PPF (Public Invoicing Portal): This is the government’s free public solution, on which Chorus Pro is based. It is accessible to all businesses without a paid subscription. It handles invoice receipt and provides a business directory service. It remains an option for businesses seeking minimal compliance without a budget, but it does not offer the sales management, ERP integration, or automation features provided by private invoicing platforms.
E-reporting: an additional requirement beyond electronic invoicing. It involves submitting data on B2C transactions (sales to consumers) and transactions with foreign companies—which do not use B2B electronic invoicing—to the DGFiP. The same timeline as for issuing invoices applies. All authorized parties (PA) must manage e-reporting.
Schedule: Who Should Do What and When
What this means in practice for an SME today: You must be able to receive electronic invoices as of September 1, 2026. If you do not select an electronic invoicing provider (PA) by that date, you will not be able to process the invoices that your large enterprises (GE) and mid-sized companies (ETI) send you in electronic format. The deadline for receiving these invoices is not just a theoretical one—it will affect your relationship with your suppliers starting in September 2026.
You have until September 1, 2027, to go live. But waiting until September 2027 to select and deploy your PA is a poor strategy: ERP integrations take time, users need to be trained, and the first few weeks always involve some growing pains.
Recommendation: Select your PA by the end of 2026, activate reception first, and then roll out transmission during the first half of 2027.
If you are unsure of your business category or your exact obligations, IT Systèmes can conduct an assessment in less than an hour—taking into account your actual size, your industry, and your existing software.
The 4 Legal Responsibilities of an Accredited Platform
Every PA registered with the DGFiP is contractually obligated to fulfill four responsibilities:
1. Issue and transmit: generate electronic invoices that comply with regulatory formats (Factur-X, UBL 2.1, CII) and transmit them to the recipient’s public administration via the interoperability network.
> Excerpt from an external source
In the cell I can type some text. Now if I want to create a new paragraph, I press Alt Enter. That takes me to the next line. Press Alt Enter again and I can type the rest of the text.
2. Receive and process: Receive incoming invoices from your suppliers and make them available in your interface, ideally with automatic data extraction.
3. Submit data to the DGFiP: Submit B2B invoicing and e-reporting data (B2C, international) to the tax authorities, in accordance with the required deadlines and technical formats.
4. Archive with legal validity: Store invoices securely, intact, and in a traceable manner for the legally required period (6 years for tax purposes, 10 years for accounting records).
Registration is valid for 3 years and is renewable following an audit. Always verify your PA’s registration number on the DGFiP’s official list before committing to a service. A “PA” logo on a website is not sufficient, and “pending approval” status does not guarantee that your invoices are compliant.
The 3 Types of Electronic Invoices You Need to Know About
For a small or medium-sized service business or a firm, Factur-X covers 95% of cases. UBL 2.1 becomes relevant if you work with European partners. All reputable accounting software supports all three formats.
Comparison of the Leading Approved Platforms for SMEs in 2026
137 PA units are registered as of July 2026. This table compares the 10 most relevant solutions for French SMEs, based on pricing and feature data verified as of that date.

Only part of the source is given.